Week 2 Discussion Feedback
Module 12 Feedback- Module 12 has to do with total surplus in the market. You know that total surplus equals consumer plus producer surplus. When the market is in equilibrium, total surplus is maximized. Textbook prices have skyrocketed over the years. Textbook publishers have certainly taken advantage of producer surplus. Recall that when textbook prices increase, producer surplus also increases. The opposite is true for consumer surplus. When textbook prices increase, consumer surplus decreases for students. It is wise to shop around for cheaper prices on the internet. College bookstores must accept the price of the textbook from the publisher, and then charge more on top of the publisher price in order to make a profit. Students who use financial aid to purchase their textbooks are forced to use the college bookstores and therefore must pay the bookstore prices. New editions of textbooks come out every year. I make a point to use the same edition for at least 2-3 years. In addition, I use the same textbook for both Micro and Macroeconomics.
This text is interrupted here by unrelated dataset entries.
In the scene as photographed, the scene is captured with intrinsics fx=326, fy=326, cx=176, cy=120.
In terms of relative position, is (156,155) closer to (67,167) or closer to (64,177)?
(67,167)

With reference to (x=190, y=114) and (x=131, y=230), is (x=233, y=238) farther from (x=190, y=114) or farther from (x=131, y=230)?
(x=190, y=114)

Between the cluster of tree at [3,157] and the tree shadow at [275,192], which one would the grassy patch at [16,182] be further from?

Module 20 Feedback- Utility is a measure of the satisfaction the consumer derives from consumption of goods and services. I am 100% gluten free, but I can eat 3-4 slices of gluten free pizza. I begin to feel full right after the first slice is consumed. Marginal utility (the change in total utility divided by the change in quantity) starts to decrease right after the first slice. Total utility is highest at the first slice of pizza. The law of diminishing marginal utility tells us that each additional slice of pizza consumed adds less and less to total utility.
Module 18/52 Feedback- The cost of going to college has certainly increased overtime, but college is still very much affordable at in State Colleges, and Universities. For instance, SCF has not increased tuition cost in years. The perceived benefit of going to college still outweighs the cost for students. What has become unaffordable (even unattainable) is the cost of college at Ivy League schools that can easily cost $80,000-$100,000 a year including everything. Students graduating from out of state colleges and universities, both public and private are graduating from college with severe debt, especially students graduating from Ivy League schools. There are many costs of going to college, both explicit and implicit. Keep in mind that ALL cost are opportunity cost. Explicit cost would be tuition, books/supplies, gas money, food money, student fees etc. Implicit cost refer to the cost of foregone missed opportunities such as earning a full or part-time salary at a job.
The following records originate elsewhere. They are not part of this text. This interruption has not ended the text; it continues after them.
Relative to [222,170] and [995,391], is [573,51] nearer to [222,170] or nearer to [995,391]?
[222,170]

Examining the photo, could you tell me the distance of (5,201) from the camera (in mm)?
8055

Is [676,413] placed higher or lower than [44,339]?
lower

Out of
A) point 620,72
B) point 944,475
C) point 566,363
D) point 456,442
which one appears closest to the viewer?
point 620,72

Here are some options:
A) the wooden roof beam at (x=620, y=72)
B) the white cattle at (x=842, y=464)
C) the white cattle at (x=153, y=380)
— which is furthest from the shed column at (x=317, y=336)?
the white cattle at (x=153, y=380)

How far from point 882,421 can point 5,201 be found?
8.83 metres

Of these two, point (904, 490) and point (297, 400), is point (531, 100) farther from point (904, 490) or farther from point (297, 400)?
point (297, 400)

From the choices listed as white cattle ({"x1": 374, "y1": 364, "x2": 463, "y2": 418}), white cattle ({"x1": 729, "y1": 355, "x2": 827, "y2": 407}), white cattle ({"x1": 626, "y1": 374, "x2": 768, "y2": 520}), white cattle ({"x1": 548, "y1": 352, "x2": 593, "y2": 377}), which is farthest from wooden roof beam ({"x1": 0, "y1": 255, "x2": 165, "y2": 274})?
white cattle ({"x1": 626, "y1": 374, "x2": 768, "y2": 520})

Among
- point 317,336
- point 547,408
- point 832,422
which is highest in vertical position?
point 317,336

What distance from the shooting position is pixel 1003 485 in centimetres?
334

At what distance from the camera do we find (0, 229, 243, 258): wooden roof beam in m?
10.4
Module 18 continued/53 Feedback- Marginal Analysis is used to find out when Profit for a firm is maximized. Marginal means looking at the change in something, to see what happens when I add one more unit of something. Marginal Revenue is the change in Total Revenue divided by the change in Output or Quantity. Marginal Cost is very similar. Marginal Cost is the change in Total Cost divided by the change in Output or Quantity. Profit is maximized when Marginal Revenue equals Marginal Cost for a firm. The optimal output rule is used for profit maximization for all market structures.